# Introduction to Bayesian Optimization
**Drew Gjerstad**  

_Bayesian Optimization Series_  
[github.com/drewgjerstad/bayesian-optimization](https://github.com/drewgjerstad/bayesian-optimization)

## Contents
 * [Introduction](#introduction)
 * [Motivation](#motivation)
     - [Theoretical Motivation](#theoretical-motivation)
     - [Applications](#applications)
 * [Optimization Foundations](#optimization-foundations)
 * [Bayesian Foundations](#bayesian-foundations)
 * [The Bayesian Approach](#the-bayesian-approach)
 * [Bayesian Optimization Workflow](#bayesian-optimization-workflow)
 * [References](#references)

## Introduction
**Bayesian optimization** refers to an optimization approach that uses Bayesian
inference to guide the optimizer to make "better" decisions based on
_uncertainty_. One attractive feature of this approach is its _unparalleled_
sample efficiency (more on this later). Additionally, _uncertainty_ is inherent
in all optimization decisions but we can use the Bayesian approach to tackle it,
and often overcome it, in a strategic manner.

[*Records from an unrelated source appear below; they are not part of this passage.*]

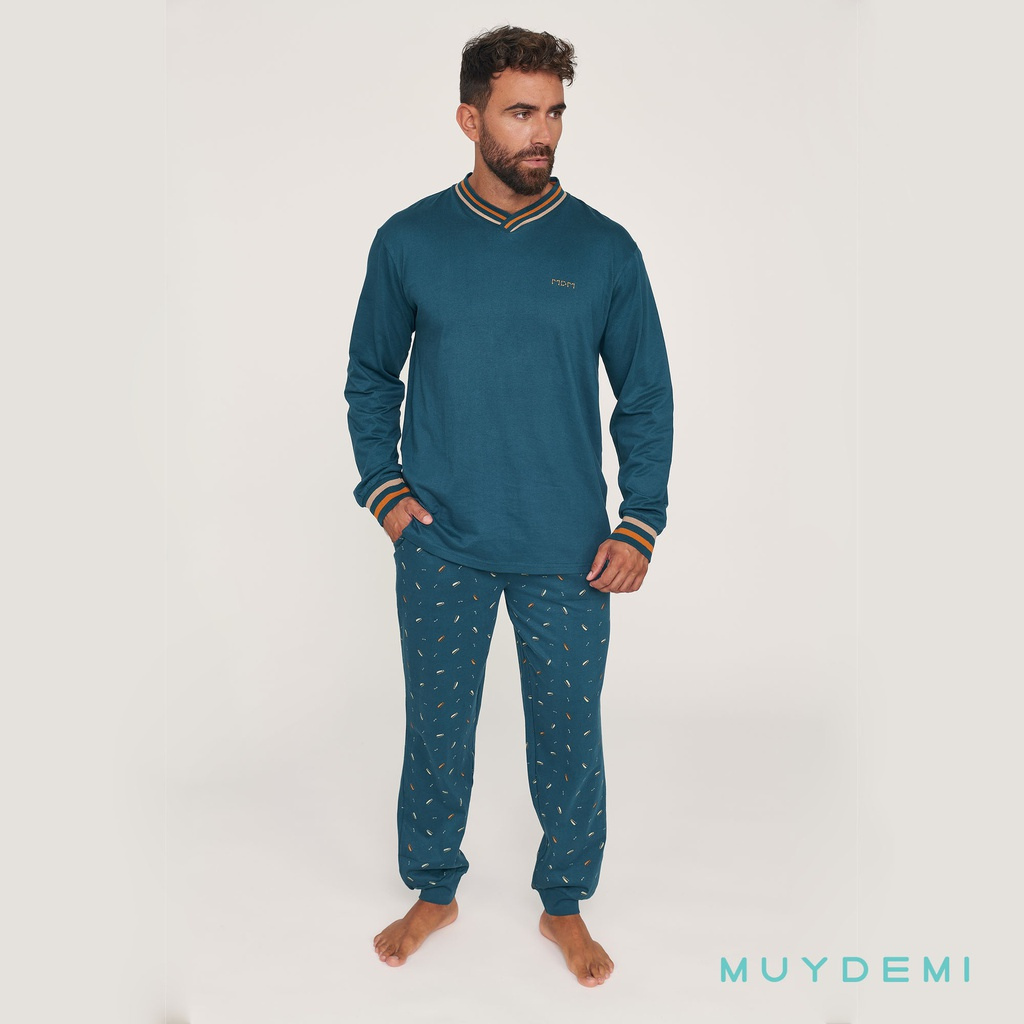 Pijama hombre Green - Muydemi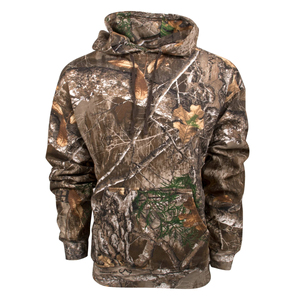 Sweat-shirt à capuche camouflage pour homme, doublé polaire, pull-over, camouflage woodland, vêtements de chasse en plein air, vente en gros B2B - Product Image 2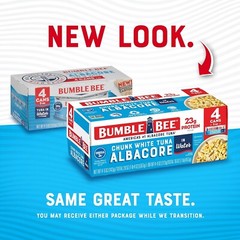 Bumble Bee Chunk White Albacore Tuna in Water, 5 oz Cans (Pack of 4)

The goal of this notebook is to introduce you to Bayesian optimization from a
high-level perspective as well as introduce you to the "Bayesian optimization
workflow" and the components involved. Additional notebooks that cover these
topics in more depth can be found within the
[`bayesian-optimization`](https://github.com/drewgjerstad/bayesian-optimization)
repo. We begin with the theoretical motivation for Bayesian optimization and an
overview of its applications.

## Motivation

### Theoretical Motivation
Before we explore the applications of Bayesian optimization, we must consider
the theoretical motivation for such an approach. The theoretical motivation
typically stems from the form or type of _objective_ (the "function" we are
aiming to optimize).

 * **Black-box objective functions** are functions that we can only interact
   with via its inputs and outputs meaning typical methods do not work. However,
   we can usually approximate such an objective and use Bayesian optimization to
   manage the uncertainty.

 * **Expensive-to-evaluate objective functions** are functions that require
   significant computation effort to obtain their output. However, once again,
   we can approximate and model these efficiently using the Bayesian approach.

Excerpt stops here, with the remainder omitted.